Virus characteristics

 

Genetic characterization

For specimens collected since week 40/2016, genetic characterizations of 1 649 viruses have been reported (Table 3).

Among 1 502 A(H3N2) viruses, 423 fell in the vaccine component clade (3C.2a), and 1 056 in a subclade of clade 3C.2a viruses (3C.2a1) defined by N171K, often with N121K, amino acid substitutions in the haemagglutinin. Viruses in these two clades are antigenically similar, though the 3C.2a1 subclade is evolving rapidly with emergence of numerous virus clusters defined by additional amino acid substitutions in haemagglutinin, the impact of which on antigenic characteristics is not yet clear.

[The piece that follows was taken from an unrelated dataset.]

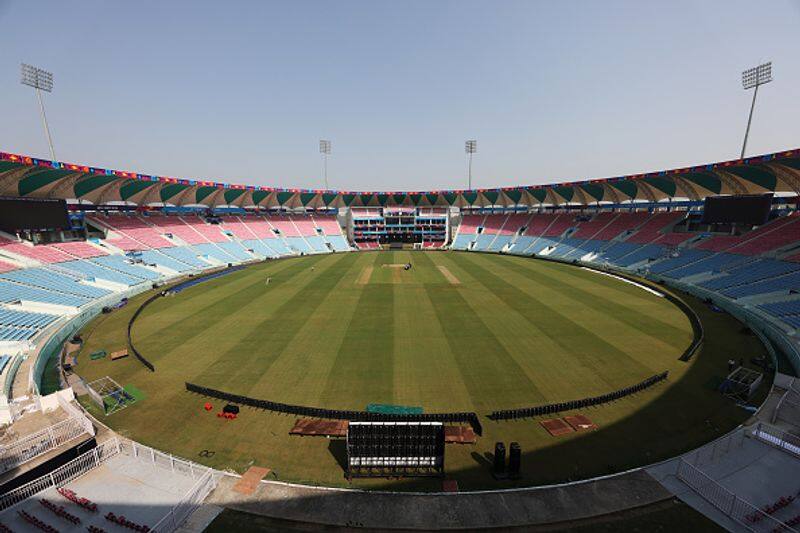 Video of Rogers Centre from Canada is falsely shared as Ekana Cricket Stadium in Lucknow jje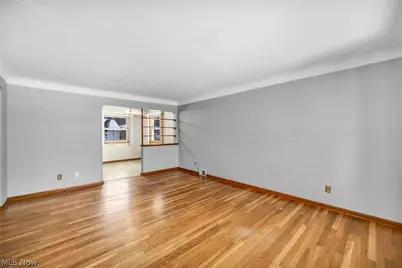 3323 Dellwood Drive, Parma, OH 44134 - Photo 4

 Table. Viruses attributed to genetic groups, cumulative for weeks 40/2016–5/2017

 

Phylogenetic group

Number of viruses

A(H1N1)pdm09 A/Michigan/45/2015 (subgroup 6B.1)b

9

A(H1N1)pdm09 A/South Africa/3626/2013 (subgroup 6B)a

4

A(H3N2) A/Bolzano/7/2016 (subgroup 3C.2a1)a, b

 

1056

A(H3N2) A/Hong Kong/4801/2014 (subgroup3C.2a)a

423

A(H3N2) A/Switzerland/9715293/2013 subgroup (3C.3a)a

18

A(H3N2), subgroup not listed

5

B/Brisbane/60/2008 (Victoria lineage clade 1A)a, b

29

B (Victoria lineage), not attributed to clade

11

B/Phuket/3073/2013 (Yamagata lineage clade 3)c

38

B (Yamagata lineage), not attributed to clade

56

a Vaccine component for Northern Hemisphere 2016–2017 season

b Vaccine component for Southern Hemisphere 2017 season

c Vaccine component of quadrivalent vaccines for use in both season 

 

The recommended composition of trivalent influenza vaccines for the 2016–2017 season in the northern hemisphere is for inclusion of an A/California/7/2009 (H1N1)pdm09-like virus; an A/Hong Kong/4801/2014 (H3N2)-like virus; and a B/Brisbane/60/2008-like virus (B/Victoria lineage). For quadrivalent vaccines a B/Phuket/3073/2013-like virus (B/Yamagata lineage) virus is recommended. The recommended influenza A(H1N1)pdm09 component of the 2017 southern hemisphere influenza vaccine is an A/Michigan/48/2015 (H1N1)pdm09-like virus, the first update since A(H1N1)pdm09 viruses emerged in 2009.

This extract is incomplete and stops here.